Throughout pregnancy you should always be on the lookout for subtle red flags and have a care provider as back up in the event that your first preference starts to back out on you. Never hire a provider who doesn’t treat you like their boss, be assertive throughout pregnancy and address niggling doubts immediately so you have the ability to relax and let your support team (partner and doula, not care provider) take over, supporting you during birth. It can be really hard to be open and upfront with doctors or midwives, so be mindful of this: if you can’t be assertive in pregnancy, being assertive in labour is going to be all but impossible.

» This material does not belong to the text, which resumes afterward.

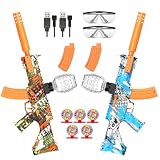 2 Pack Gel Splatter Blasters, Full Auto Electric Splatter Ba...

If we are honest with ourselves, the odds of VBAC success in a hospital are statistically slim. It pays to interview as many different care providers (midwives as well as doctors) and different venues for birth as you possibly can. Be a fully informed consumer, not one who trusts everything the “experts” say. After all we haven’t come to have a 1 in 3 caesarean rate because providers are giving sage advice at every step of the way. Remember it’s not your fault if things don’t go to plan, if your care provider totally bombs out on the day, it’s never ever your fault, but make sure you do plenty of homework in the lead up, because it does increase your odds.